C'est donc à la société INGEREM, qui se prétend créancière, d'établir en application de l'article 1315 du code civil qu'elle a poursuivi ses prestations durant l'année 2004 pour le compte de la société ECM dans les termes de l'accord "tacite sinon écrit" ayant prévalu en 2003.
Il est acquis qu'elles consistaient principalement en la mise à disposition de deux salariés à Paris. Très curieusement la société INGEREM conteste les témoignages des employés de la société ECM sur la cessation de cette mise à disposition alors qu'elle reconnait expressement dans son courrier du 17 décembre 2003 avoir "démobilisé", à la demande d'ECM "notre équipe à savoir Marc B... et son assistante Irène B...".
Elle mentionne encore dans ce même courrier : "en tant que fournisseur, nous avons obtempéré à votre décision....Nous tenons cependant à souligner le caractère abrupt de cette décision qui est sans préavis et qui n'est pas dans la droite ligne des relations de confiance que nous avions établies à ce jour".
Il s'évince de ces termes, sauf à en dénaturer le sens, que les parties ont bien mis un terme à leurs relations et aux prestations qu'elles induisent. La société INGEREM prétend que la société ECM se serait également engagée à lui rétrocéder, sous forme de commissions, "30% de la marge générée par les affaires"selon accord visé dans la lettre précitée du 17 décembre 2003. Cependant, aucun document opposable à la société ECM n'établit la preuve d'un tel accord dont la société ECM a contesté la teneur dès le 2 janvier 2004 selon courrier en réponse puis par courriers postérieurs et note protestative du 3 septembre 2004. De même la proposition de convention du 24 décembre 2002 qui certes n'a pas été signée par la société ECM mais a été exécutée pour l'année 2003 ainsi qu'il a été dit ci-dessus, ne fait aucunement état d'un tel interessement.
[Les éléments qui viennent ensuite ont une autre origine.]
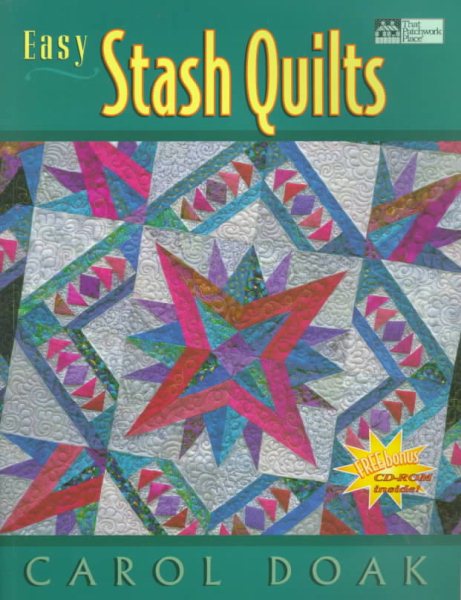 Easy Stash Quilts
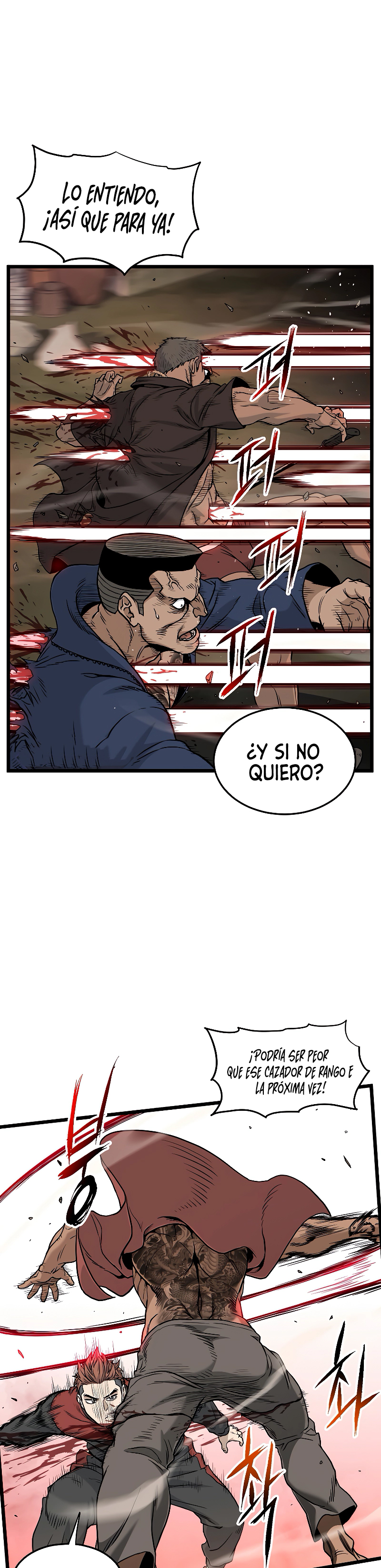 Inicio de Sesión en el Murim Capitulo 190 página 20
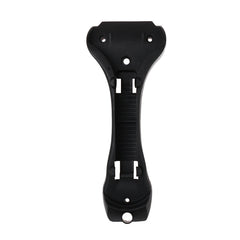 2 in 1 Mini Car Safety Rescue Hammer Life Saving Escape Emergency Hammer Seat Belt Cutter Window Glass Breaker, 2 in 1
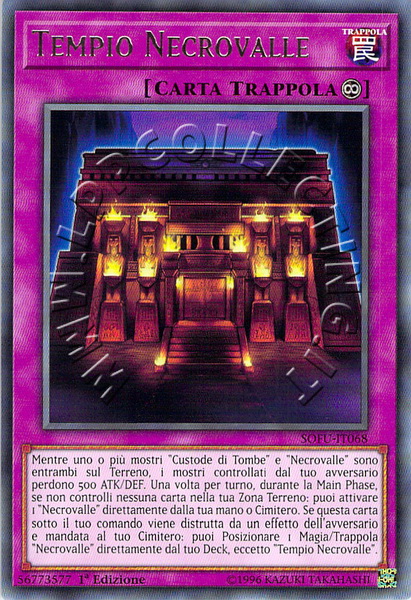 Tempio Necrovalle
Enfin la production non commentée de cahiers de notes manuscrites diverses et variées et difficilement compréhensibles dont l'auteur n'est pas identifié est inopérante dans la mesure où la société INGEREM n'explique pas de quelle note résulterait la preuve de l'accord prétendu.
Il s'évince de l'ensemble de ces éléments que les factures litigieuses établies sur ses seules commissions provisionnelles ne sont pas fondées et qu'ainsi la société INGEREM ne dispose d'aucune créance certaine à opposer à la société ECM.
Sa demande est rejetée et le jugement est infirmé en toutes ces dispositions.
Sur les demandes annexes :
Le rejet de la demande principale rend sans objet la demande en paiement de dommages intérêts pour résistance abusive.
Mais dès lors que la demande principale a été accueillie par les premiers juges, la société ECM ne peut pas plus conclure utilement en appel à une procédure abusive initiée par la société INGEREL.
Il n'y a donc pas lieu à paiement de dommages intérêts au profit de quiconque.
Aucune cause économique ou d'équité en revanche ne conduit à écarter l'application de l'article 700 du Code de procédure civile.
La société INGEREM qui succombe dans ses prétentions supportera les dépens d'appel et de première instance.
PAR CES MOTIFS
LA COUR, statuant publiquement et contradictoirement,
Reçoit l'appel;
Infirme le jugement déféré rendu par le Tribunal de Commerce d'Aix-en-Provence;
Et statuant à nouveau :
Déboute la société INGEREM de l'intégralité de ses demandes;
Déboute la société ECM de sa demande en paiement de dommages intérêts;
Condamne la société INGEREM à lui payer la somme de 3.000 € (trois mille euros) en application de l'article 700 du Code de procédure civile.
La condamne aux dépens tant de première instance que d'appel et autorise la SCP COHEN-GUEDJ, avoués à les recouvrer suivant les dispositions de l'article 699 du Code de procédure civile.